Cette phrase mérite qu'on s'y arrête. Les enfants d'aujourd'hui grandissent dans un monde où tout, ou presque, est instantané : un film à regarder, un jeu à télécharger, un produit à commander en un clic. C'est précisément dans cet environnement que la capacité d'attendre devient une compétence financière à part entière.

"Tout le monde en a" ne suffit plus comme argument

Réseaux sociaux, influenceurs et effet de groupe exposent les enfants à un flux constant de tentations d'achat. À la question de savoir si le fait que tous leurs amis possèdent un objet les oblige eux-mêmes à l'acquérir, les réponses ont surpris par leur discernement.
Une adolescente a répondu que si l'objet ne lui convenait pas, elle ne l'achèterait pas, mais que s'il lui plaisait vraiment, elle le ferait pour elle-même, non par mimétisme. Ariel s'est montré un peu plus nuancé : pas forcément, sauf s'il en avait vraiment envie au point de ne plus pouvoir s'en passer.

Le regret aussi fait partie de l'apprentissage

Que se passe-t-il lorsqu'un achat déçoit ? Interrogée sur ses éventuels regrets, Arbel avait déjà tiré sa propre règle pour l'avenir : d'abord vérifier si l'envie est réelle, plutôt que de dépenser pour des choses superflues. Une autre participante, visiblement marquée par l'expérience, confiait avoir compris qu'il fallait réfléchir bien davantage avant chaque achat.

Peut-être faut-il, ici aussi, changer légèrement de discours. L'objectif n'est pas qu'un enfant ne "gaspille" jamais son argent ou ne prenne jamais une mauvaise décision. Au contraire : lorsque les sommes sont modestes et que la décision leur appartient, le regret lui-même devient une leçon pour l'avenir. On achète, on est déçu, et la prochaine fois, on réfléchit un peu plus longtemps avant de sortir son argent.

Et quand l'argent est vraiment le leur ?

Interrogés sur une éventuelle épargne dirigée vers un objectif précis, les enfants ont révélé qu'il n'était pas toujours nécessaire de connaître ce but à l'avance. Arbel épargnait sans savoir exactement pourquoi, en expliquant qu'un anniversaire approchant lui apporterait sans doute de l'argent, qu'elle mettrait de côté jusqu'à ce qu'une envie spéciale se présente.
Ariel, lui, gardait systématiquement une réserve, au cas où un livre tant attendu sortirait un jour.
Une autre fillette avait transformé l'épargne en habitude : chaque mois, lorsque ses parents lui versaient 150 shekels sur sa carte jeunesse, elle leur demandait de les orienter directement vers une option d'épargne.
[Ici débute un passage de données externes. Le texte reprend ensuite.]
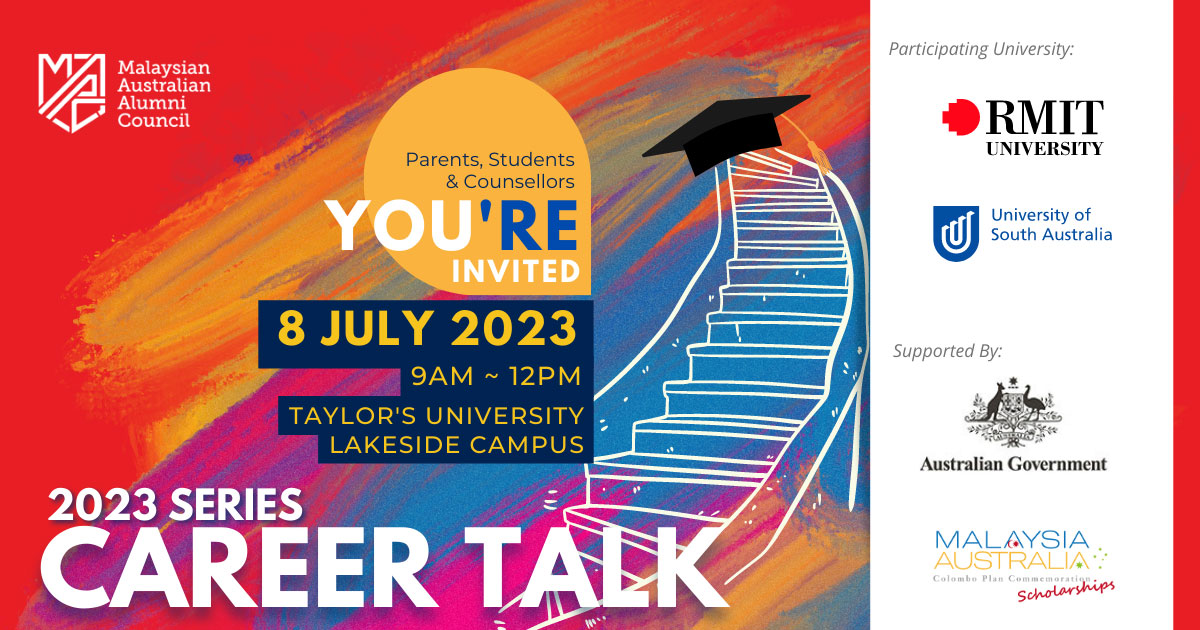 2023 Career Talk Series – An Immersion Program to Australian Education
Ce sont précisément ces moments qui permettent de transformer le discours sur l'argent, de le faire passer d'une série d'interdictions telles que "ne gaspille pas", "économise" ou "c'est trop cher", à une véritable expérience vécue : donner un budget aux enfants, les laisser choisir, leur permettre d'épargner pour un but et aussi d'assumer des décisions parfois imparfaites.
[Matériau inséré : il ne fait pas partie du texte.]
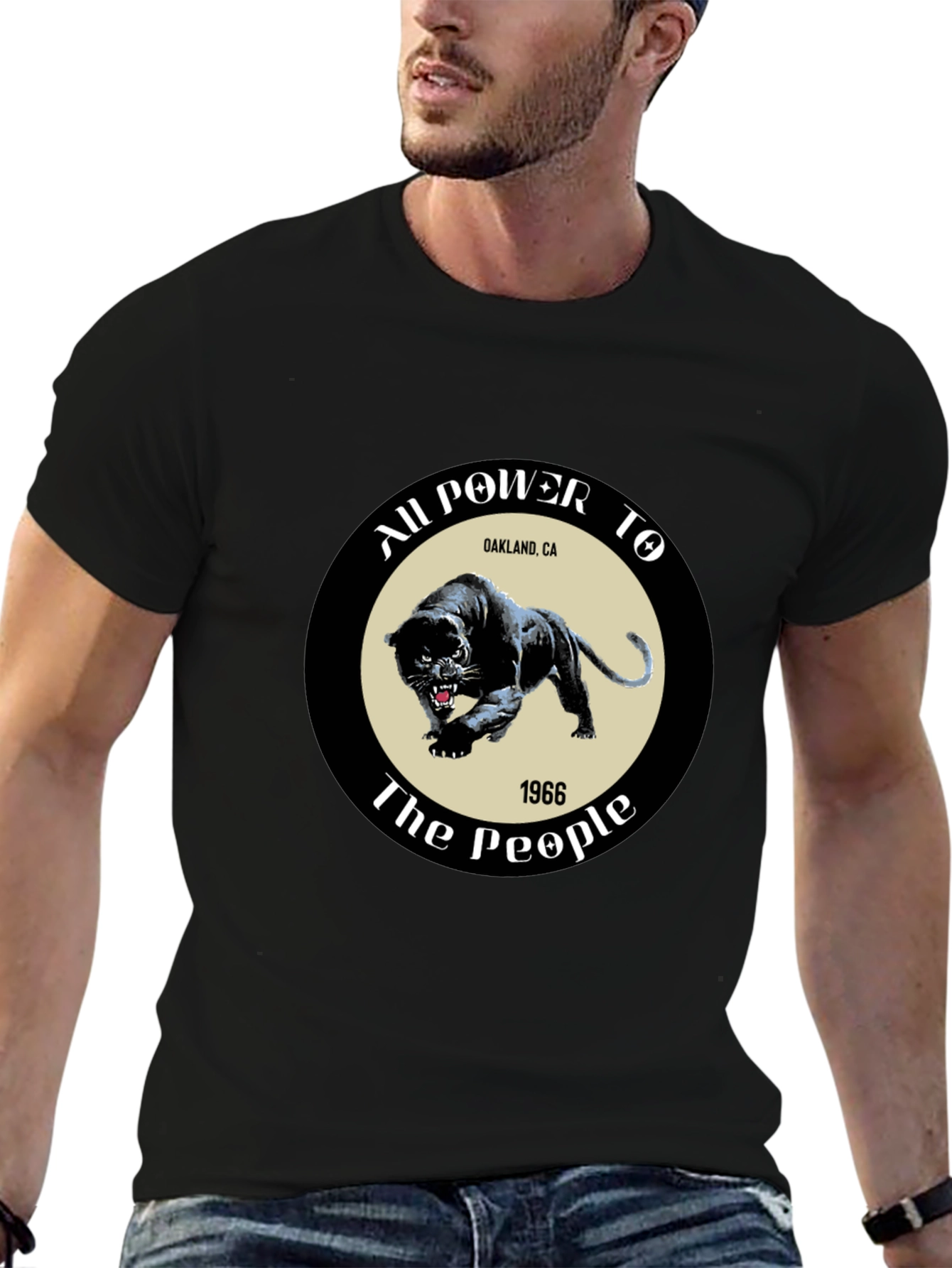 Black Panther Party 1966 T-Shirt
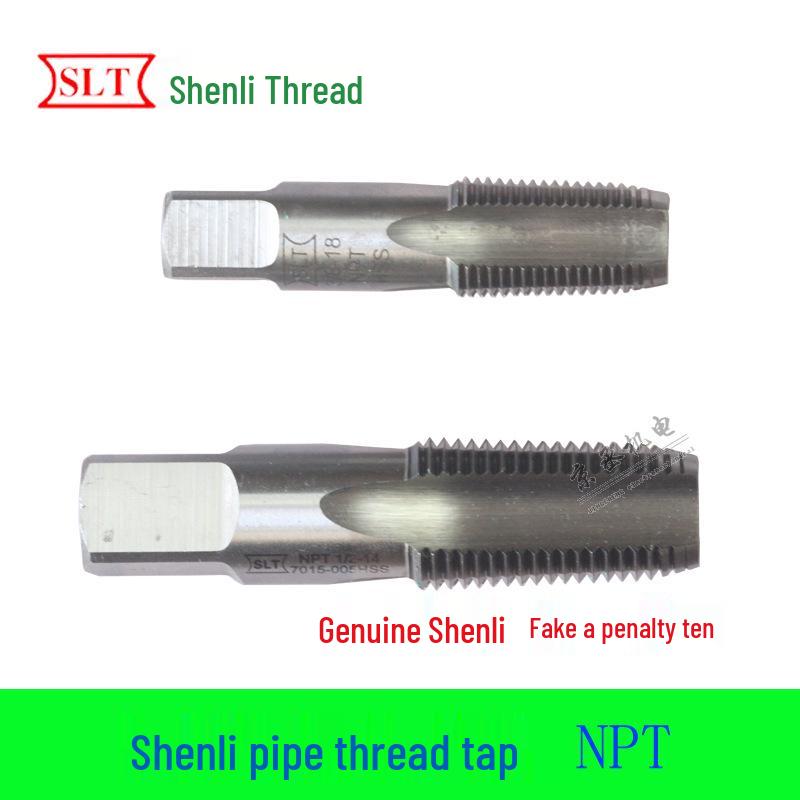 Taper Pipe Thread Tapping Machine, Tap Sizes PT/NPT 1/8-3/4”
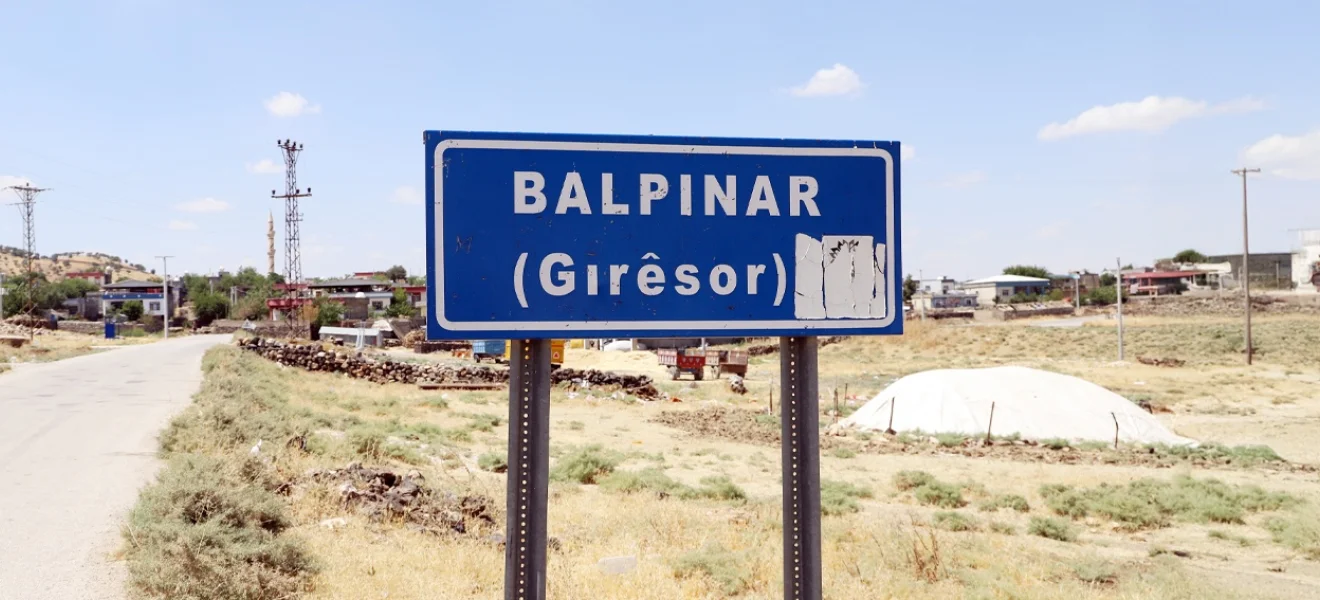 Girêsor gasp edilmek isteniyor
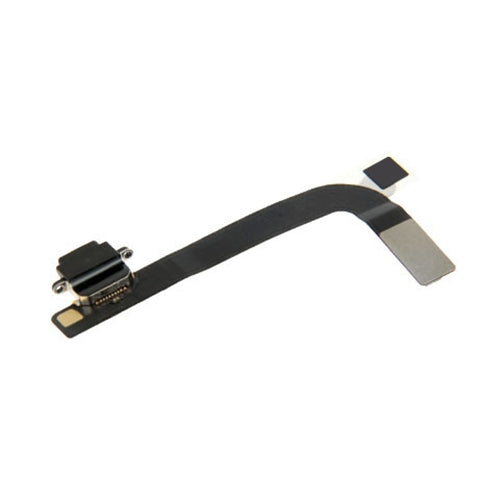 Charger Flex Cable with Rear Connector for iPad 4, For iPad 4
Plutôt que "non", parler du "comment"

Les enfants eux-mêmes ont déjà mis au point des stratégies de négociation avec leurs parents. Chez Niko et Arbel, la méthode classique fonctionne toujours : supplier.
Alin, treize ans, propose une approche différente, expliquer aux parents pourquoi elle a réellement besoin ou envie de l'objet, ou négocier un partage moitié-moitié. Niko, de son côté, avait une solution radicale en cas de refus parental : demander à ses parents d'acheter l'objet directement avec son propre argent.
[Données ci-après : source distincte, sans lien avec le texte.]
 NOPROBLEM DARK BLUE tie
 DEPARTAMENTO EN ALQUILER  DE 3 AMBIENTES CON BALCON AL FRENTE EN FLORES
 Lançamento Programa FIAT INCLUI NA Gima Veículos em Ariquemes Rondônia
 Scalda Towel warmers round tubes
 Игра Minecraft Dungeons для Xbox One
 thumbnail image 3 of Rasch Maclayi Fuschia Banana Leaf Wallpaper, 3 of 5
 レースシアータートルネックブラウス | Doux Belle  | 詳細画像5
Plutôt que de clore chaque discussion par un "oui" ou un "non" définitif, il est possible de renvoyer une partie de la question aux enfants eux-mêmes : à quel point cet objet compte-t-il vraiment pour toi ? Combien es-tu prêt à mettre de ta poche ?
Et si tu l'achètes, à quoi devras-tu renoncer en échange ? Une gestion adaptée de l'argent de poche, associée à un suivi des dépenses, des rentrées et de l'épargne, peut permettre aux plus jeunes d'apprivoiser très tôt la dynamique de l'argent, et de devenir, demain, des adultes plus responsables.